Chemotherapy-free neoadjuvant pembrolizumab combined with trastuzumab and pertuzumab in HER2-enriched early breast cancer (WSG-KEYRICHED-1): a single-arm, phase 2 trial.

Background: Accumulating evidence indicates that about 30-40% of patients with HER2-positive early breast cancer might achieve excellent outcomes without chemotherapy. Therefore, we aimed to test the pathological complete response after the addition of pembrolizumab to dual anti-HER2 blockade and omission of chemotherapy in patients with HER2-enriched breast cancer.

Methods: WSG-KEYRICHED-1 was a single-arm, multicentre, open-label, hypothesis-generating phase 2 trial done at 15 breast cancer centres in Germany. Women aged 18 years and older, with previously untreated clinical stage T1c-T3, N0-N2, M0, primary unilateral early invasive breast cancer, and locally confirmed HER2 immunohistochemistry score 2+ or 3+ status, and hormone receptor-positive or receptor-negative status, were enrolled. Women with centrally confirmed HER2-enriched subtype by prediction analysis of microarrays 50 gene set (PAM50) and an Eastern Cooperative Oncology Group performance status of 0-1 were allocated to four cycles of intravenous pembrolizumab (200 mg every 3 weeks for 12 weeks), intravenous trastuzumab biosimilar ABP 980 (8 mg/kg loading dose, then 6 mg/kg every 3 weeks for 12 weeks), and intravenous pertuzumab (840 mg loading dose, then 420 mg every 3 weeks for 12 weeks). The primary outcome was the proportion of patients with a pathological complete response (defined as ypN0 or ypT0/is), assessed in the full analysis set, which included all patients who had at least one dose of trial treatment and had central tumour assessment within 3 weeks after the end of trial treatment. For the primary endpoint to be met, at least 52·2% of patients had to have a pathological complete response to support the hypothesis that the proportion of patients with pathological complete response after trial treatment would be higher than 40% with statistical significance. Safety was analysed in all patients who had at least one dose of trial treatment. The study is registered with ClinicalTrials.gov, NCT03988036, and has been completed.

Findings: Between Sept 2, 2020, and May 5, 2021, 48 women were enrolled, of whom four did not have surgery, and one had only a local pathological complete response assessment.
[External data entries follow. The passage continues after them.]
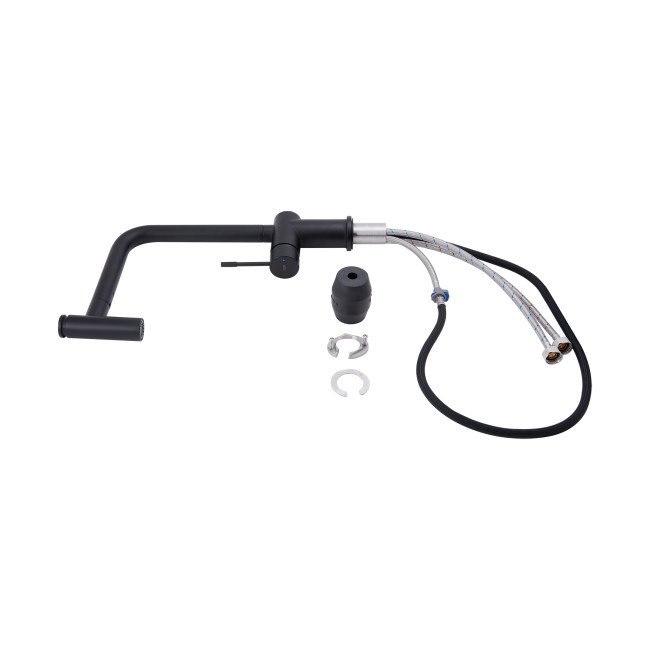 Смеситель для кухни Qtap Scorpio 9050105FB с выдвижным изливом Смеситель для кухни Qtap Scorpio 9050105FB с выдвижным изливом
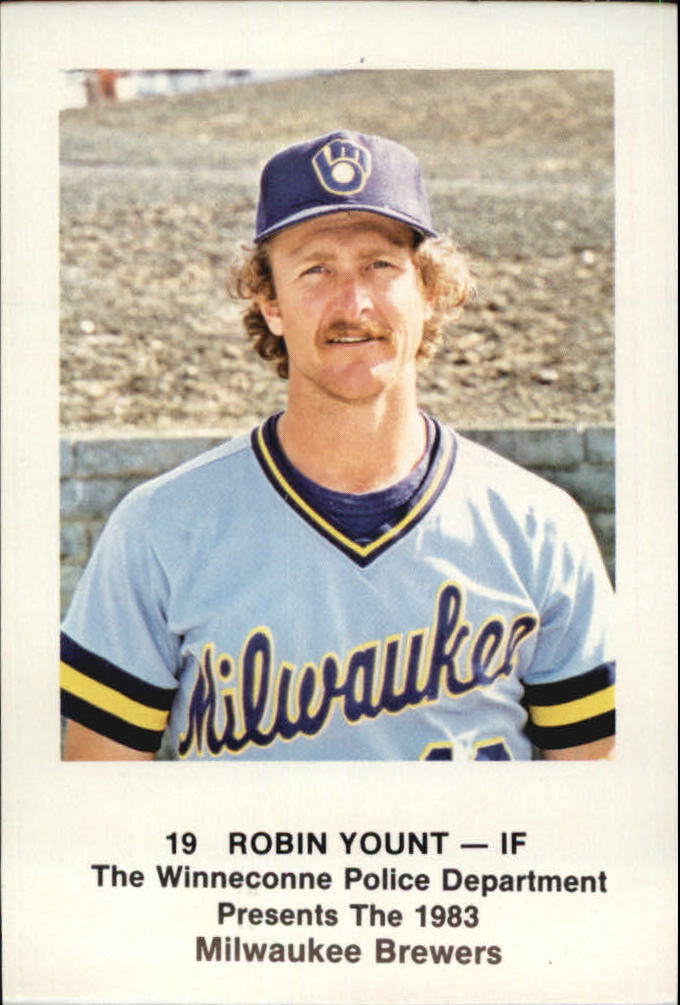 Robin Yount 1982 Milwaukee Brewers Throwback Baseball Jersey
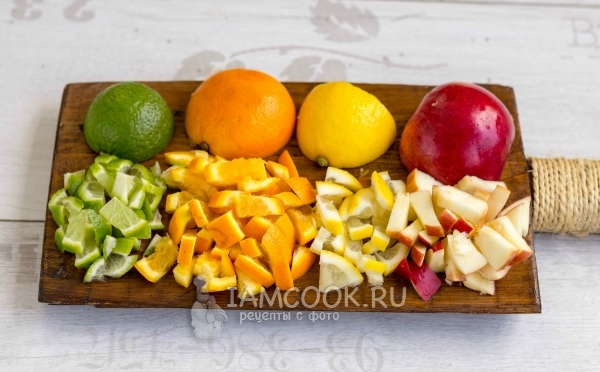 Порезать фрукты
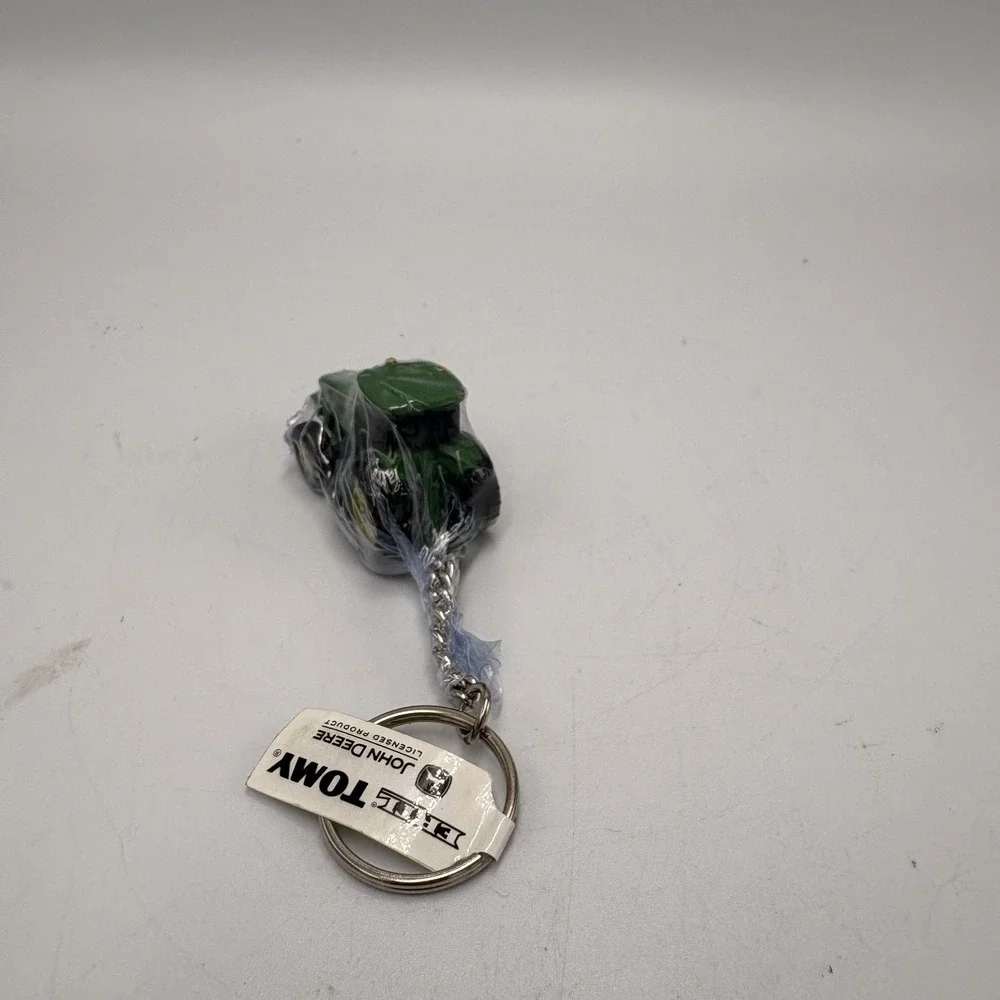 TOMY‎ John Deere Die Cast Lawn Tractor Keychain Green Farm Country 90s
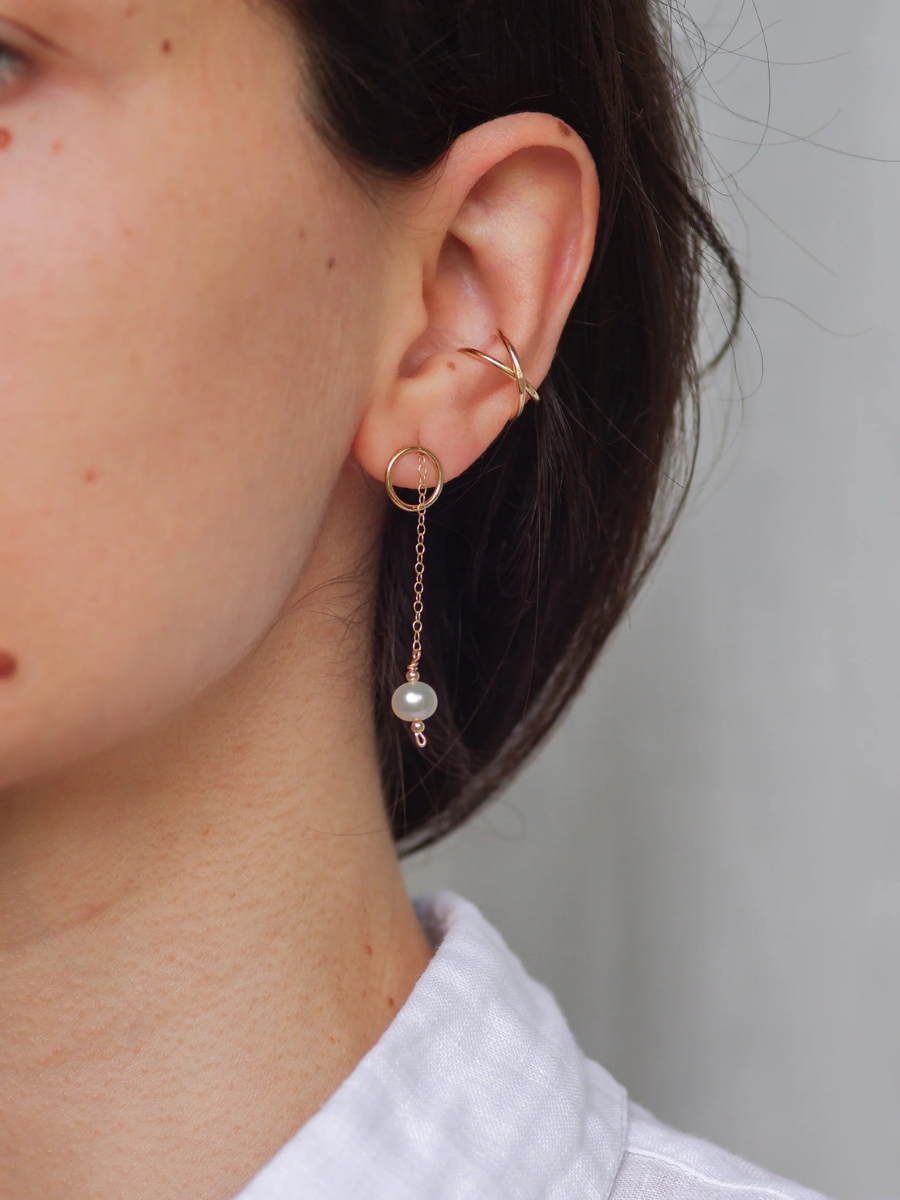 Dangle earrings pearls small | Rays&Riches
Therefore, 43 patients with central pathological complete response assessment were included in the full analysis set. Median follow-up was 8·6 months (IQR 8·3-9·0). 20 (47%) of 43 patients had a pathological complete response by central assessment (lower bound of the one-sided 95% CI 33%), thus the null hypothesis (40% pathological complete response) could not be rejected (p=0·22). Four (8%) of 48 patients had grade 3-4 adverse events deemed related to drug treatment. The most common grade 3-4 adverse events were increased alanine aminotransferase (n=1), drug hypersensitivity (n=1), nephritis (n=1), and panic attack (n=1). Serious adverse events occurred in four (8%) of 48 patients, which were drug hypersensitivity (n=1), panic attack (n=1), pyrexia (n=1), and COVID-19 (n=1). Pembrolizumab was discontinued or postponed due to adverse events in three (6%) of 48 patients. No deaths occurred.

Interpretation: Although the null hypothesis could not be rejected, the WSG-KEYRICHED-1 trial highlights the potential of a short chemotherapy-free combination of pembrolizumab with dual anti-HER2 therapy, warranting the initiation of randomised trials investigating the immunotherapy without chemotherapy in patients with HER2-enriched breast cancer.

Funding: Merck Sharp & Dohme and NanoString Technologies.